Une disparition progressive

 La réputation et les heures de gloire des Nana-Benz  sont progressivement rentrées dans l’histoire dès le début des années 2000. De nos jours, elles se comptent désormais  du bout des doigts. Leur disparition du monde des affaires togolais semble consommée. Au grand marché de Lomé (marché d’Adawlato) où elles faisaient la pluie et le beau temps, leurs boutiques sont quasi inexistantes. La majeure partie d’entre elles fait  rarement le déplacement de ce centre commercial. « Toute chose a une fin », commente Ayélé Akakpo, ex Nana-Benz, qui attribue leur disparition au temps. « Le temps passe et nous n’avons plus la même énergie nécessaire pour mener ce type d’activité », explique  cette dame quadragénaire.

Outre le temps, d’autres facteurs  les ont obligées à se retirer de ce secteur d’affaire. L’ex-Nana-Benz évoque le déclin du pagne dans les habitudes vestimentaires au début des années 2000. « A un moment donné, les Togolais ne s’intéressaient plus au pagne. De même, les étrangers des pays voisins ont progressivement cessé de venir », a-t-elle constaté.

La crise politique et économique des années 1990, qu’elles ont dû surmonter diversement, et  la dévaluation du franc CFA en 1994 sont aussi des causes lointaines de cette situation. « Depuis cette époque, nos chiffres d’affaire ont commencé à chuter », affirme Da Dédé.

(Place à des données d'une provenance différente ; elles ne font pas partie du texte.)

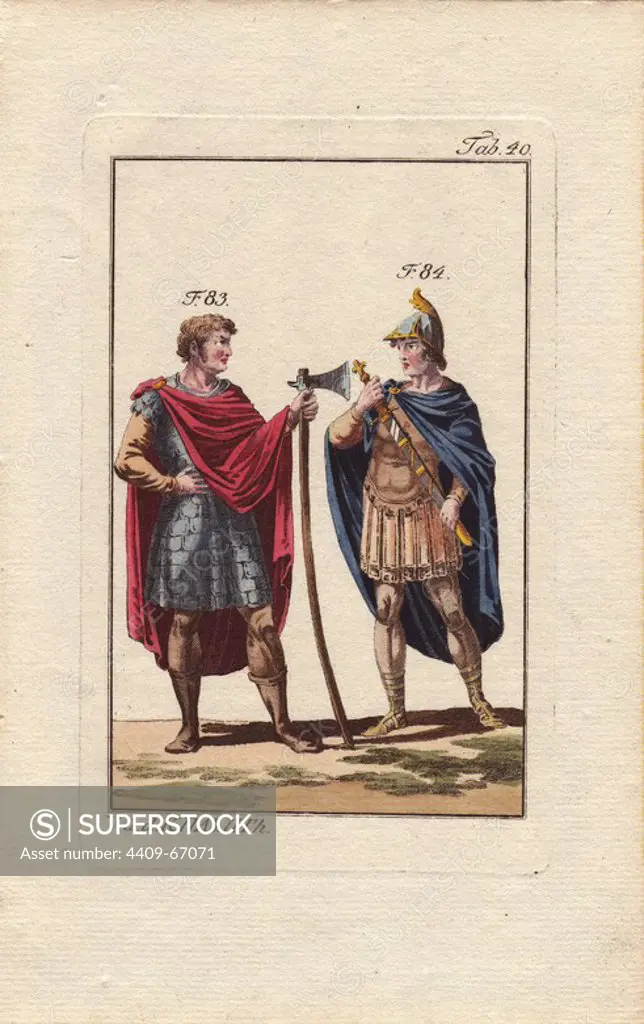 Guy I (1020s~1100), count of Ponthieu.. "To the Franks and the Anglo Saxons, the mantle was reserved for persons of elevated rank. To prove it, the count of Ponthieu (83) wears one.". "One notices already, toward the 8th century, breastplates made of leather (84), others made in the form of scales (83), and suits of chain-mail.". "In the era of Pepin-le-bref in 752, one already finds a great diversity of weapons among the Franks: among others, lances and slings (83, 84), war axes, clubs and crossbows.". "The helm is also more commonly in this era. In fig. 84, it appears in a very unusual form." . Handcolored copperplate engraving from Robert von Spalart's "Historical Picture of the Costumes of the Principal People of Antiquity and of the Middle Ages" (1796).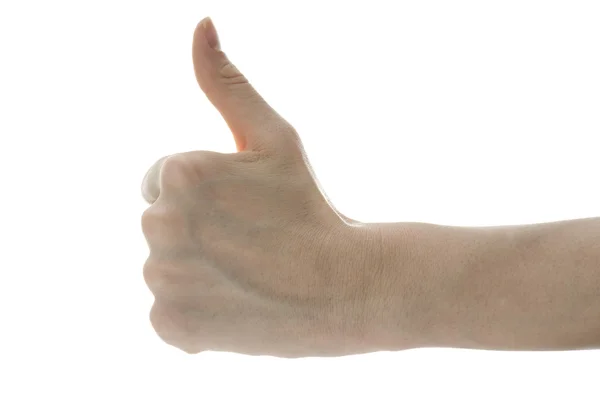 Side view of a female hand showing thumbs up sign — Stock Photo, Image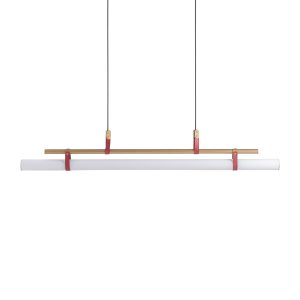 Lámpara de colgar Hana de estilo art deco, fabricado en cristal en color transparente con acabado ahumado, combinado con acero en color bronce y polipiel en color terracota. Producto elevable.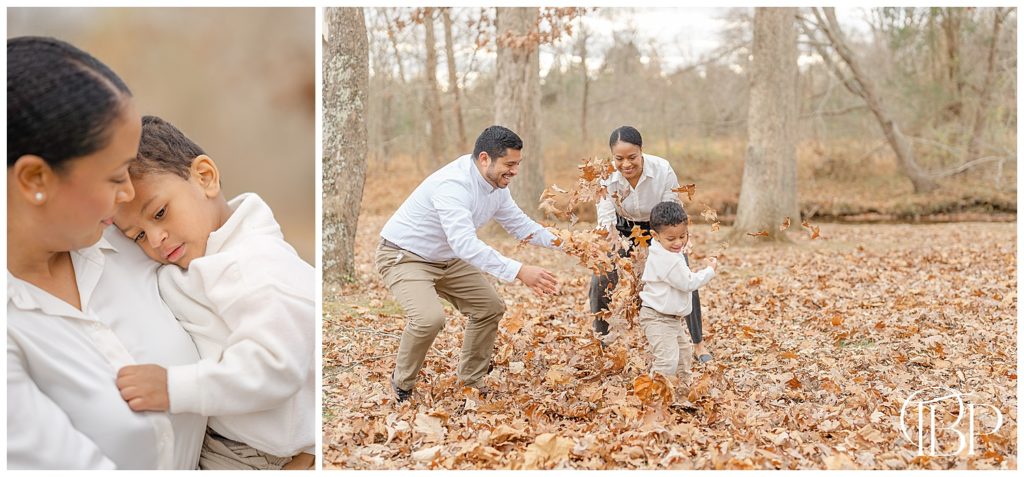Family playing leaf during fall mini session taken by a Haymarket, VA photographer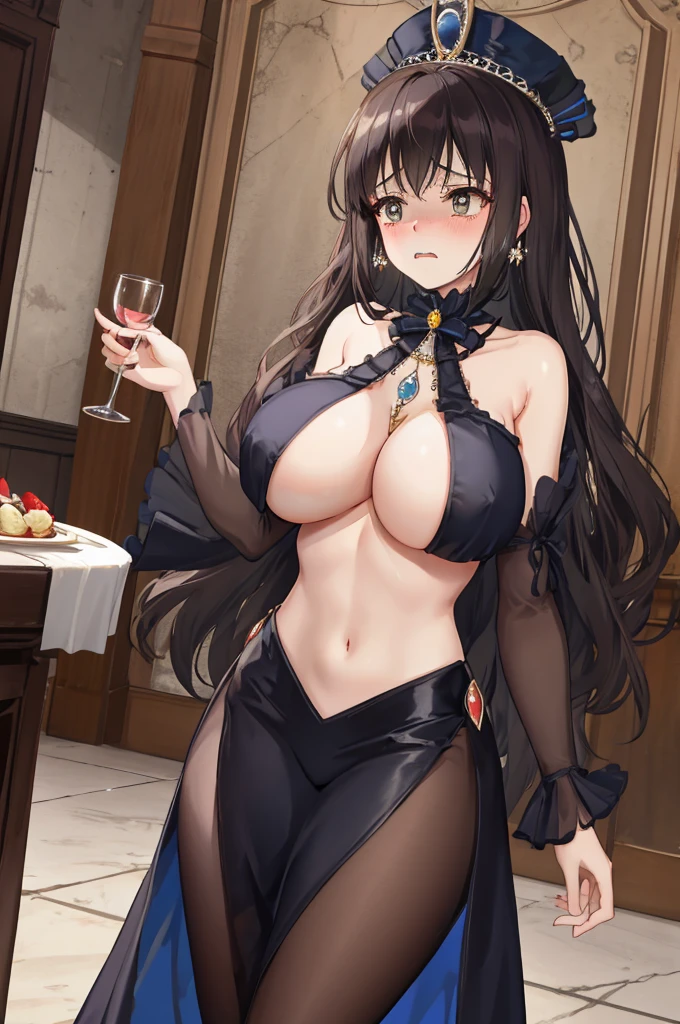 A woman with big ,Young princess,victorian style,clavicle,Prominent and smooth underboob,exquisite,pubic,at the banquet,shed tears,Fear,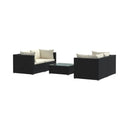 5 Pcs Outdoor Lounge Set Poly Rattan Black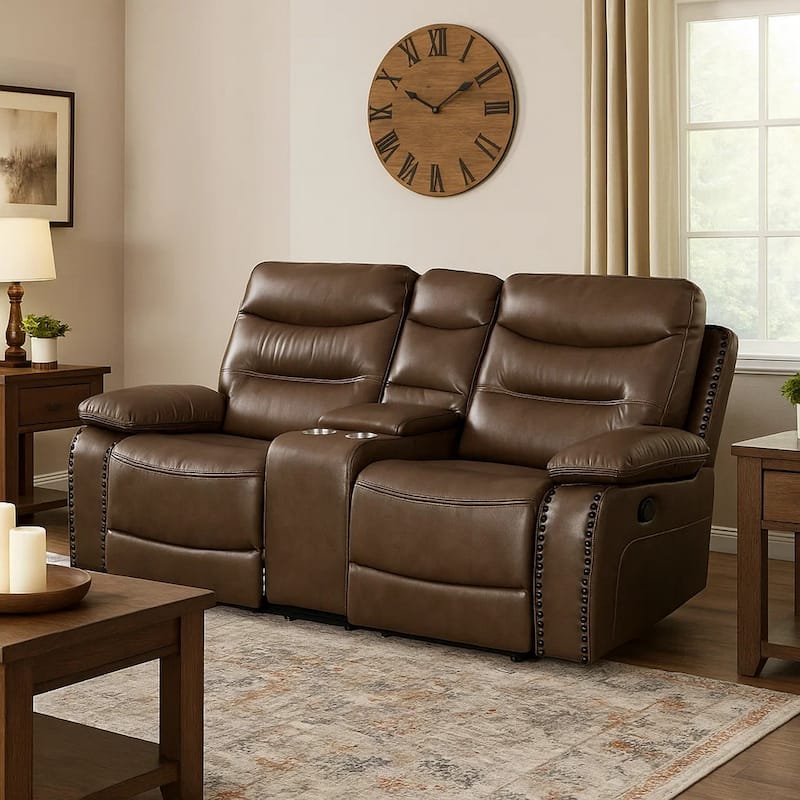 Motion Loveseat with Leatherette Upholstery and Tufted Seat, Brown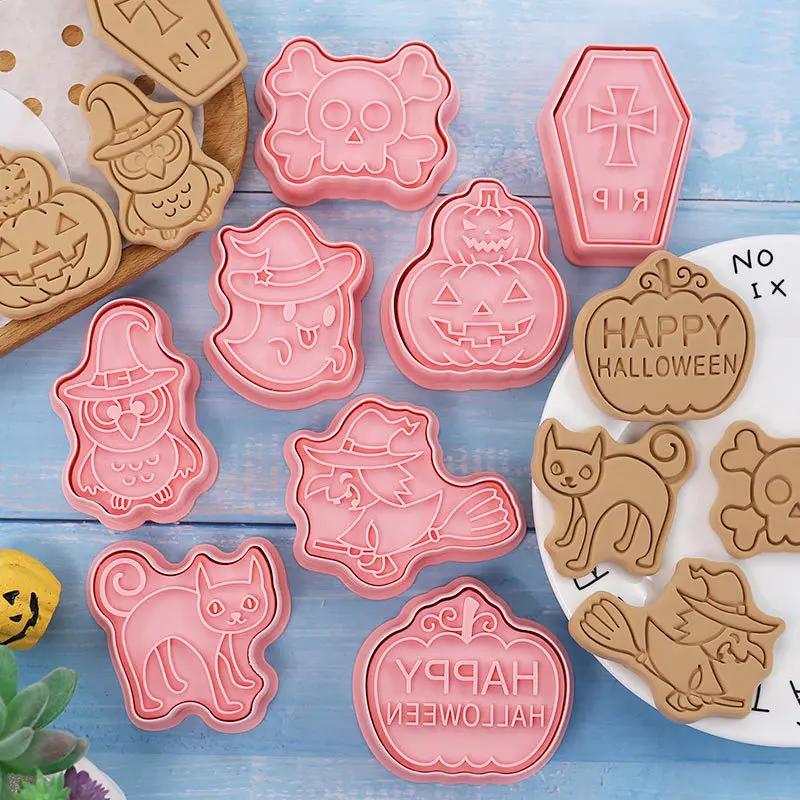 Halloween Plastic Cookie Cutters Pumpkin Cartoon Pressable Biscuit Molds Confectionery Fondant Cookie Stamps Baking Pastry Tools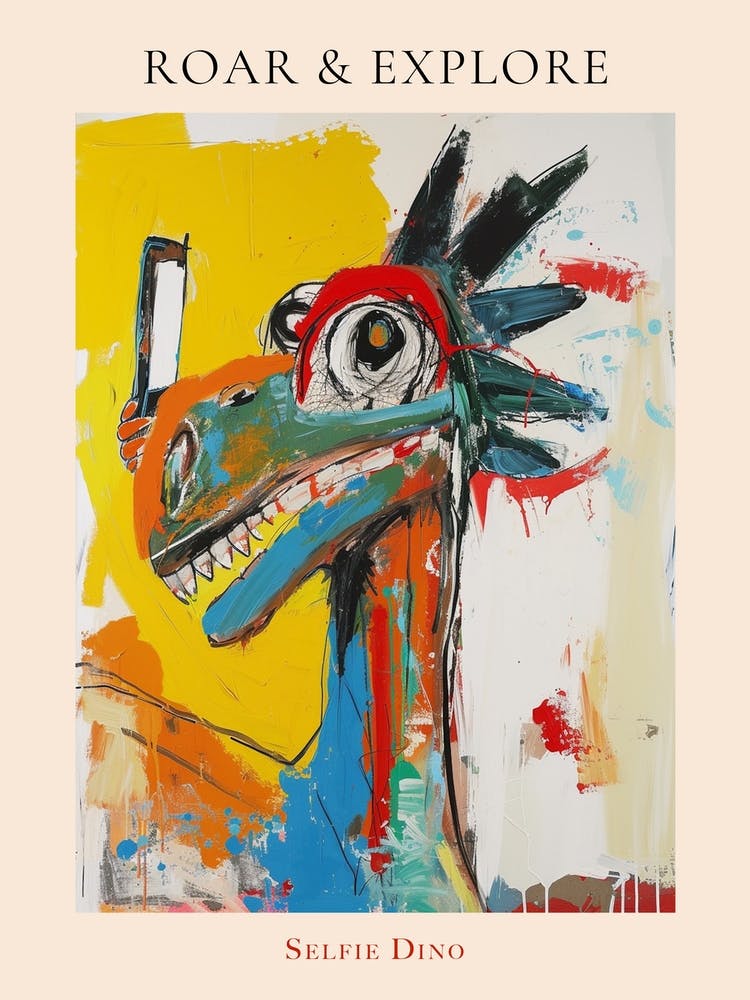Abstract Wild Brushstroke Dinosaur Taking A Selfie 1 Poster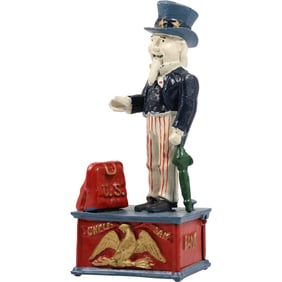 Novelty Cast Iron UNCLE SAM Mechanical Coin Bank in Original Paint Finish 10.5 in. height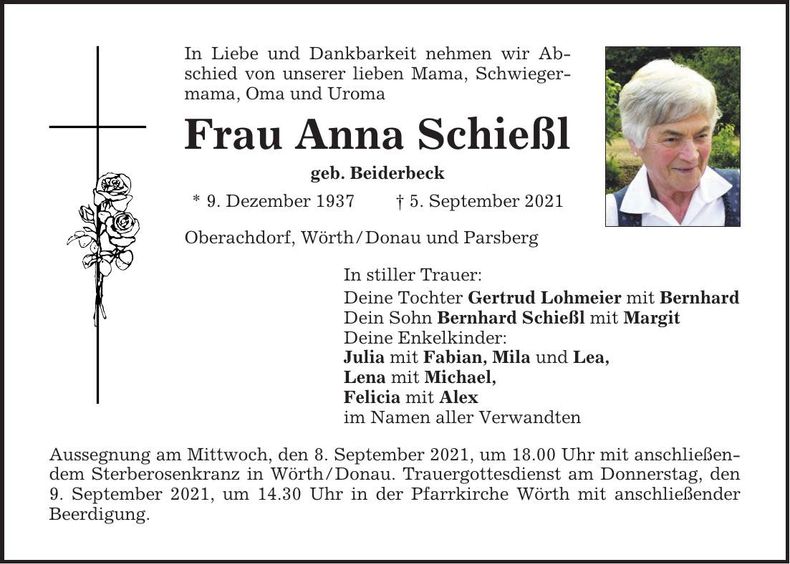 Traueranzeige Anna Schießl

Une nouvelle génération face aux difficultés

 Avant de quitter le secteur, de nombreuses Nana-Benz  ont, de gré ou de force face aux circonstances, passé le témoin à une nouvelle génération. C’est ainsi que  le secteur de la commercialisation des pagnes est désormais animé par des filles de Nana-Benz d’une part et de leurs servantes d’autre part, dont la tranche d’âge  est comprise entre  30 et 50 ans. Comme Vincentia Lawson et Prisca Ayivi. «Ce sont les encouragements et les motivations de ma mère qui m’ont poussée dans le commerce de pagne malgré mon niveau d’instruction», témoigne Vincentia Lawson, gérante  d’une boutique de vente de pagne héritée de sa mère.

Pour  sa part, Prisca  doit sa présence dans le secteur de pagne à sa patronne chez qui elle a fait ses premiers pas.  Elle  à qui sa patronne confiait la gestion de sa boutique, n’a pas sous-estimé l’importance des revenus de ce commerce. « Ma patronne me faisait confiance. J’étais son assistante immédiate. Les revenus journaliers importants qui étaient engrangés  de cette activité, étaient pour moi une source suffisante de motivation », confie la jeune dame.

Mais tout n’est plus aussi rose comme  par le passé. La  génération des « Nanettes », bien que faisant montre d’un sens de créativité, de persévérance dans la filière, peinent à faire progresser les chiffres d’affaires de leurs entreprises et à se tailler la même place dans la société que leurs aînées ou devancières. Elles sont  confrontées à des défis  sur le marché. Notamment ne la concurrences déloyale  due  à l’irruption des produits chinois sur le marché du textile. « Aujourd’hui, tout le monde se lance dans la vente de pagnes. Le comble, les nouvelles commerçantes  commandent des produits contrefaits depuis la Chine qu’elles viennent vendre à des prix drastiquement réduits», dénonce Vincentia Lawson.  Conséquence,  « les pagnes contrefaits sont écoulés plus  vite et mieux que les nôtres,  car aujourd’hui la population a du mal à identifier le vrai du faux. Ceux qui font la différence cherchent à les acheter au même prix», déplore la « nanette ».

Yesokaz pour revaloriser le pagne

 Face aux difficultés des « Nanettes » à s’imposer sur le marché textile local et sous régional, le cabinet Synergie lance l’initiative « Yesokaz » pour soutenir cette nouvelle génération de commerçantes de pagnes. Yesokaz est une plateforme qui a vocation à redorer le blason de la vente des pagnes. A travers cette initiative de vente en ligne, des pagnes sont proposés par des commerçants à la clientèle. « C’est une vitrine des boutiques de pagnes où les photos de différents motifs sont posées avec le prix et le contact des vendeurs », explique Ayao Philippe Awaga, directeur du cabinet Synergie.

L’utilisation de cette vitrine par les commerçantes est conditionnée par d’un forfait  de 10.000 francs CFA pour trois mois. Un travail est également en cours pour amener les actrices de ce secteur à privilégier l’utilisation de ce canal pour atteindre davantage  de clientèle notamment hors du Togo.